DATA:
****

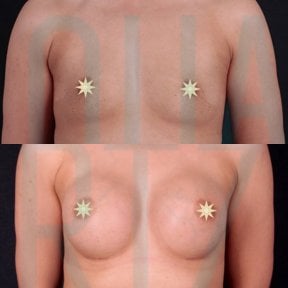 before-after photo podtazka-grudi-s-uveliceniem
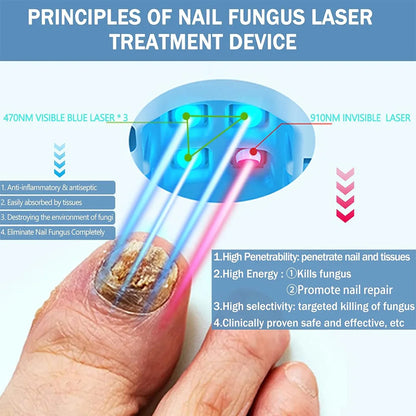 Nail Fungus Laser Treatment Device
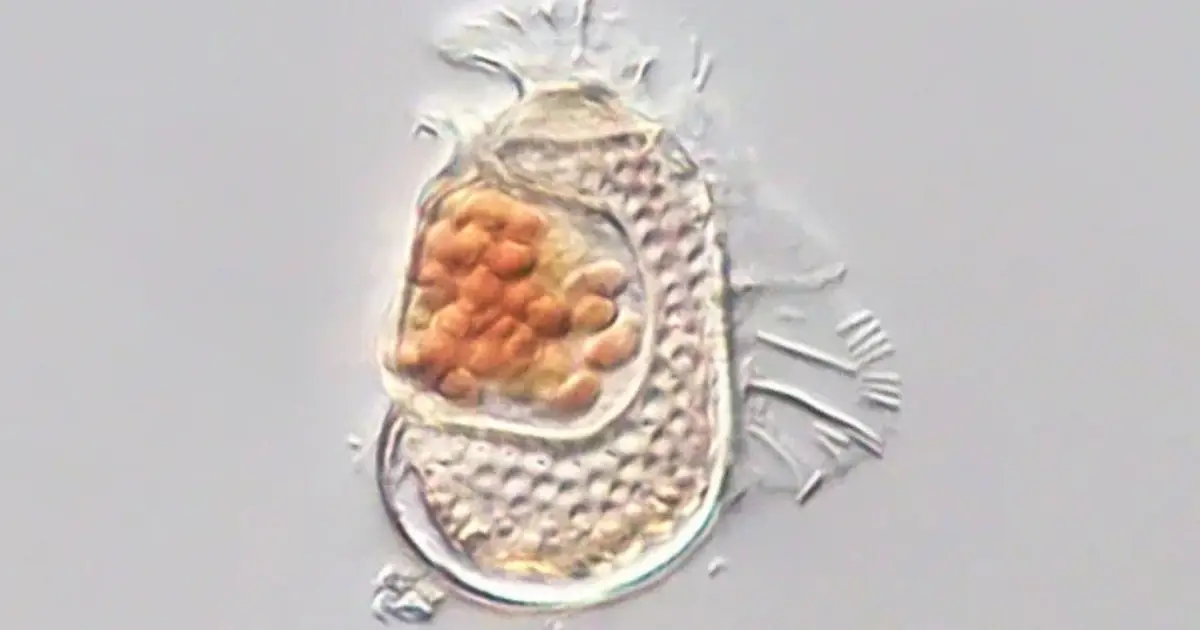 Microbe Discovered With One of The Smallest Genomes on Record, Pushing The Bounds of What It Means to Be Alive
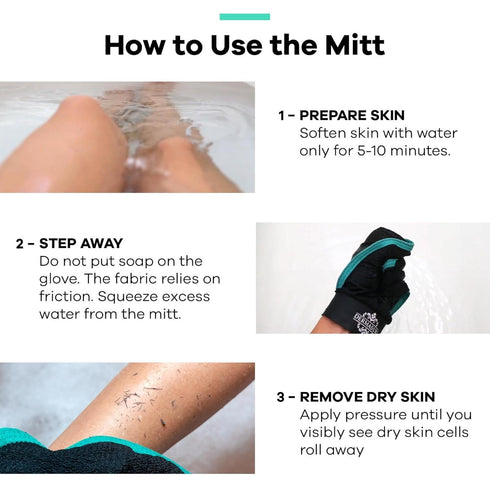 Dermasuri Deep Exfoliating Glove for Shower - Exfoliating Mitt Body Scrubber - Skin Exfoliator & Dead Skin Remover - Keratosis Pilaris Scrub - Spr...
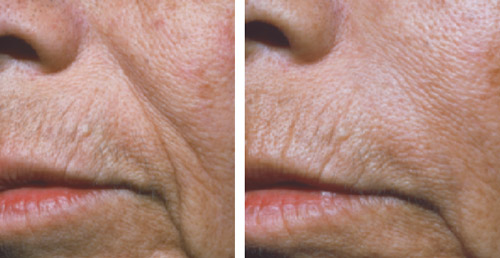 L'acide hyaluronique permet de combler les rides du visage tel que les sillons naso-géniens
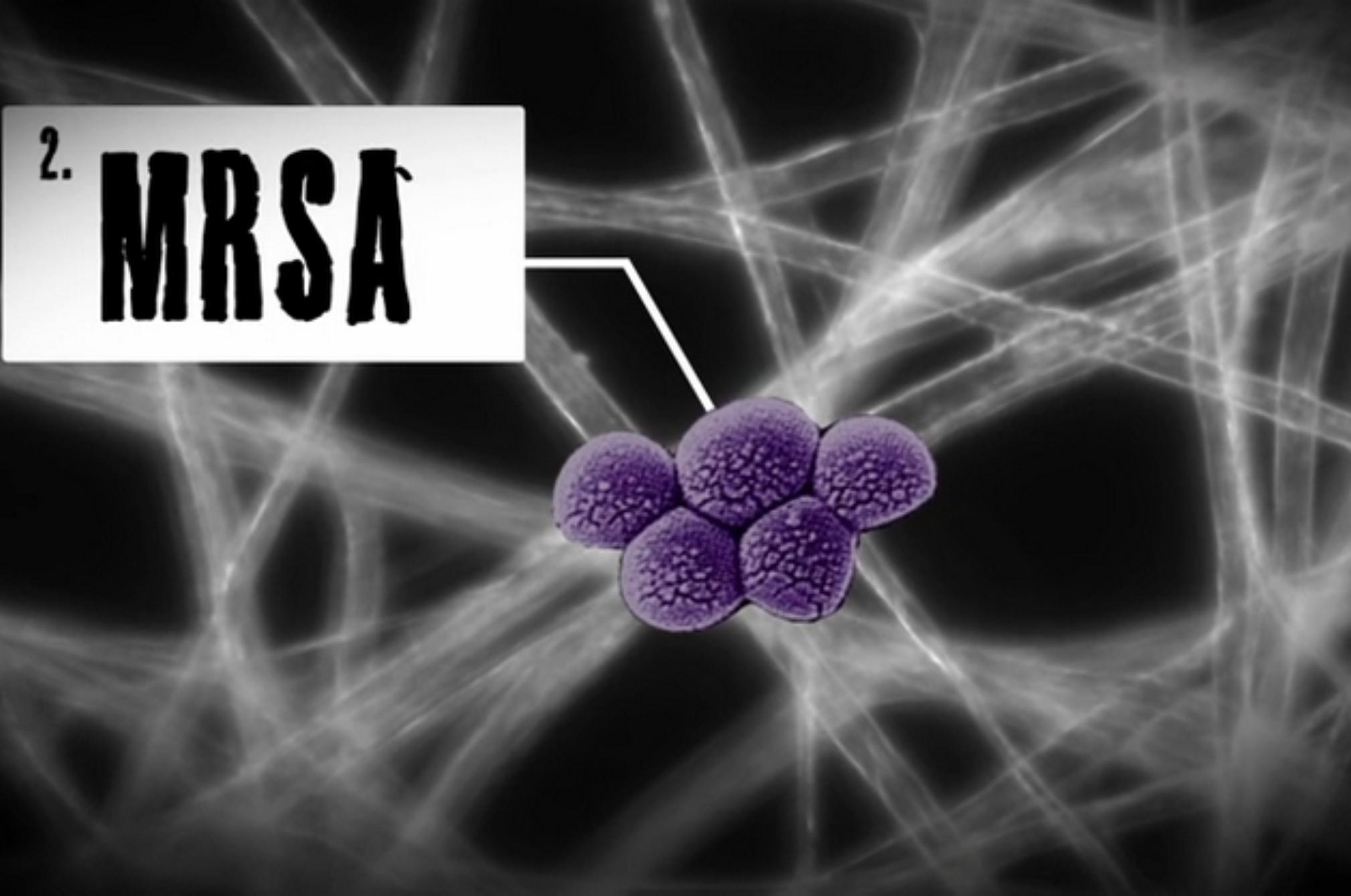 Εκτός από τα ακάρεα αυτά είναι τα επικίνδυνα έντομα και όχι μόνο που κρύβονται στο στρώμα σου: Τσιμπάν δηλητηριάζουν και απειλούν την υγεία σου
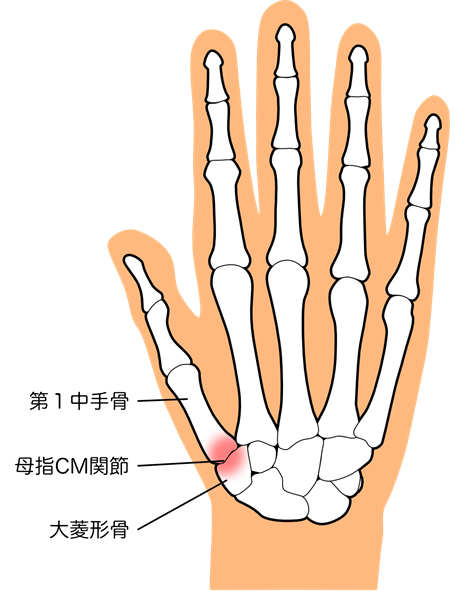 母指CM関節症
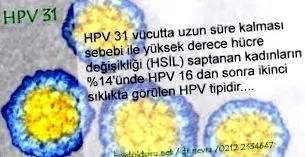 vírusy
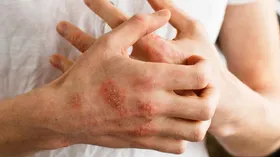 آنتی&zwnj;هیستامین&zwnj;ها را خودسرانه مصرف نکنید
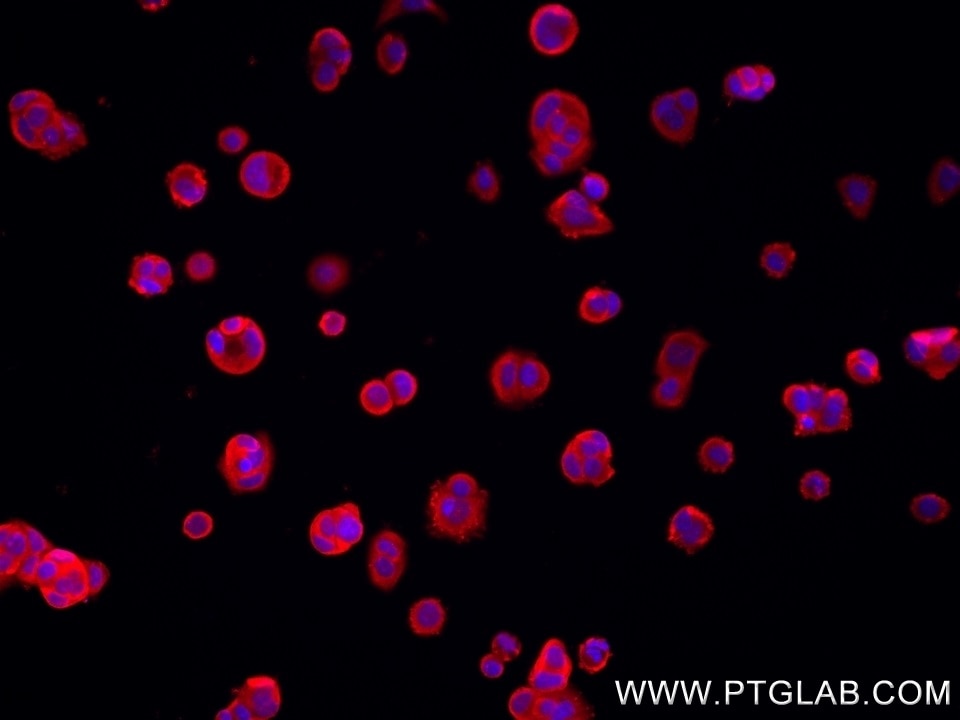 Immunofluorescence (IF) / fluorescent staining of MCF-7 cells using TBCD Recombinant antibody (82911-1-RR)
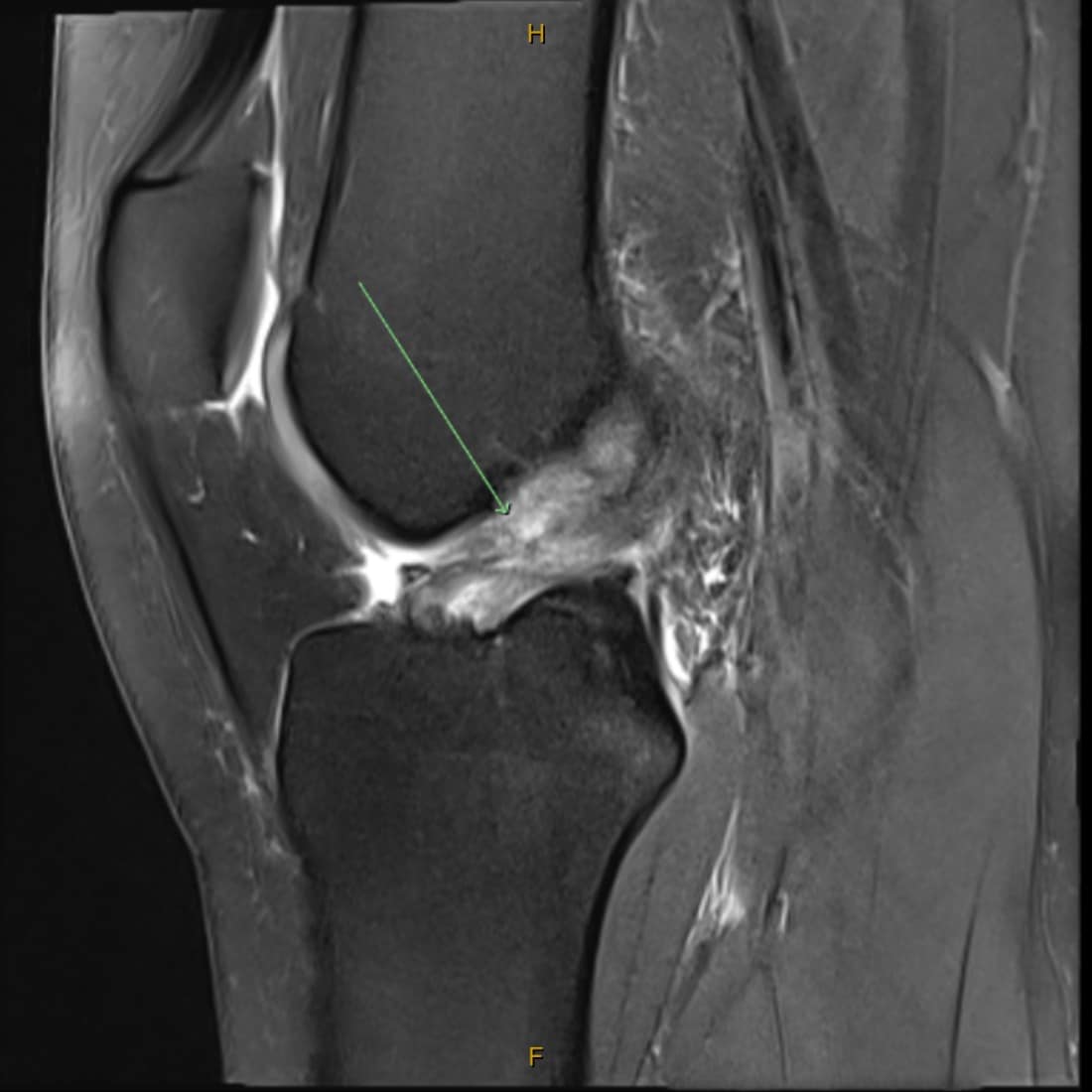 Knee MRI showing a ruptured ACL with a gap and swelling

****

WHAT YOU ARE ASKED TO DO:
Write the lines out word for word, starting at the one with "Microbe Discovered With" and stopping after the last line of the material above, with pictures excluded.

RESPONSE AREA:
 Microbe Discovered With One of The Smallest Genomes on Record, Pushing The Bounds of What It Means to Be Alive
 Dermasuri Deep Exfoliating Glove for Shower - Exfoliating Mitt Body Scrubber - Skin Exfoliator & Dead Skin Remover - Keratosis Pilaris Scrub - Spr...
 L'acide hyaluronique permet de combler les rides du visage tel que les sillons naso-géniens
 Εκτός από τα ακάρεα αυτά είναι τα επικίνδυνα έντομα και όχι μόνο που κρύβονται στο στρώμα σου: Τσιμπάν δηλητηριάζουν και απειλούν την υγεία σου
 母指CM関節症
 vírusy
 آنتی&zwnj;هیستامین&zwnj;ها را خودسرانه مصرف نکنید
 Immunofluorescence (IF) / fluorescent staining of MCF-7 cells using TBCD Recombinant antibody (82911-1-RR)
 Knee MRI showing a ruptured ACL with a gap and swelling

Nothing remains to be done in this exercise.